Robinson makes clear that the date of a conviction is the date of entry of the sentencing order. Robinson, 89 Ill. 2d at 477. In the present case, the sentencing order occurred on October 31, 1996, because that is the date defendant's probation was revoked and a final sentence was pronounced on defendant for committing the 1984 burglary. The defendant's date of conviction for that crime, then, is October 31, 1996.

We further agree with the State that to use the February 26, 1985, date that the original probation was handed down would lead to absurd results. In effect, if a defendant violates his probation and could postpone resentencing on the revocation of probation, he would escape later sentencing under the extended-term statute provisions.

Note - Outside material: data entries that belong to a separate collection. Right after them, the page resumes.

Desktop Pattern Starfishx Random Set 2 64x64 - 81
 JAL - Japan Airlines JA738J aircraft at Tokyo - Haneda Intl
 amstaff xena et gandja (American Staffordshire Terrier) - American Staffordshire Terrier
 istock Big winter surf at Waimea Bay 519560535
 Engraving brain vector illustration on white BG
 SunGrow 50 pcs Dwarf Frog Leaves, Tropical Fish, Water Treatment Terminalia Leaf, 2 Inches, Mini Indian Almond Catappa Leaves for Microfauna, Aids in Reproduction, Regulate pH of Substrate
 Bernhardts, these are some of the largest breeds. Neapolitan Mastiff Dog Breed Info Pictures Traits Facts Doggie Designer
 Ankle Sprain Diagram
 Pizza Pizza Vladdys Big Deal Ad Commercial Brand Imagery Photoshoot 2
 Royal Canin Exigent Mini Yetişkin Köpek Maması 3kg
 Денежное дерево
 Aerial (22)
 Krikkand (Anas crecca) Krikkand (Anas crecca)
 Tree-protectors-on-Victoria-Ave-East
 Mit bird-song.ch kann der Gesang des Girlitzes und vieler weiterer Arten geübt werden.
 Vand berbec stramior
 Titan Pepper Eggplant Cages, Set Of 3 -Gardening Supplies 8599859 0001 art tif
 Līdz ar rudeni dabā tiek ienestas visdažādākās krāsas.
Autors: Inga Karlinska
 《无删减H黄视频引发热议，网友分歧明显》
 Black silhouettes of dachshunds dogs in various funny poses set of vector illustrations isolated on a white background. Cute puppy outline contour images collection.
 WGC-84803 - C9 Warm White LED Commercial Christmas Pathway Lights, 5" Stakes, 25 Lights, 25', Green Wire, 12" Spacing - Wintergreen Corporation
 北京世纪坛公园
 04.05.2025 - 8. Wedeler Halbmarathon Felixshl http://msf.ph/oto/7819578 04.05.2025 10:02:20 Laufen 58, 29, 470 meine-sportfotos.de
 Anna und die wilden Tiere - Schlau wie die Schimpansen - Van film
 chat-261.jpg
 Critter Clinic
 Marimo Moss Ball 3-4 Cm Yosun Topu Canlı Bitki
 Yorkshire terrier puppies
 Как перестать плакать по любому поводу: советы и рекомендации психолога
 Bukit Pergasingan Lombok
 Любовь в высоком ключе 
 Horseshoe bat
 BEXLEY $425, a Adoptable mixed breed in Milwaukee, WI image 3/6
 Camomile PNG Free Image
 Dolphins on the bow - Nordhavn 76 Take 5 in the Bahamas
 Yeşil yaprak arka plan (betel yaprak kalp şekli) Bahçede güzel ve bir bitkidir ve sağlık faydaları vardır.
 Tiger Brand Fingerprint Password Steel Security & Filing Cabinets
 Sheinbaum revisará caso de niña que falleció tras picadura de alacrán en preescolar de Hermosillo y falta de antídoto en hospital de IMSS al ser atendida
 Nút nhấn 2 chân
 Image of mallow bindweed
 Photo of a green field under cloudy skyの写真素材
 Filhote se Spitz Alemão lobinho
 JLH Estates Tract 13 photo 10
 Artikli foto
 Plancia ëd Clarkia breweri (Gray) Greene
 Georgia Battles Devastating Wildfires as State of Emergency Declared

As we stated in Robinson, "The aim of recidivist statutes is to impose harsher sentences on offenders whose repeated convictions have shown their resistance to correction. [Citation.] Realistically, one can assess an offender's tendency to recidivism only when, having served his sentence, he has returned to society; his behavior while in custody can hardly be viewed as a reliable indicator of the likelihood of his committing another offense when released." Robinson, 89 Ill. 2d at 476.

Here, the defendant repeatedly violated his probation and continued to run afoul of the law. Having served only nine months of a 54-month sentence imposed on October 31, 1996, for his 1985 burglary conviction, defendant committed aggravated battery and resisting a peace officer within one week of his release. The imposition of an extended-term sentence imposed on December 3, 1997, predicated on his previous conviction for burglary, for which defendant was finally sentenced to the Department of Corrections on October 31, 1996, was appropriate under section 5-5-3.2(b)(1). We note that another jurisdiction has interpreted an analogous statute in a similar manner. Harrell v. State, 832 S.W.2d 154, 157 (Tex. Ct. App. 1992) ("Where a felony conviction is probated, it becomes final for purposes of enhancement on the date that probation is revoked").

CONCLUSION

For the reasons stated, the judgment of the appellate court is affirmed.

Judgment affirmed.

JUSTICE RATHJE, dissenting:

Section 5-5-3.2(b)(1) of the Unified Code of Corrections authorizes the imposition of an extended-term prison sentence "[w]hen a defendant is convicted of any felony, after having been previously convicted in Illinois or any other jurisdiction of the same or similar class felony or greater class felony, when such conviction has occurred within 10 years after the previous conviction." (Emphasis added.) 730 ILCS 5-5-3.2(b)(1) (West 1998). In this case, the trial court imposed-and the majority affirms-an extended-term sentence under section 5-5-3.2(b)(1), even though defendant's 1997 aggravated battery conviction occurred 12 years after defendant's 1985 burglary conviction. Unlike the majority, I believe that section 5-5-3.2(b)(1) means what it says and precludes the imposition of an extended-term sentence based upon a 12-year-old conviction. *fn1 I therefore dissent.

JUSTICE HEIPLE joins in this dissent.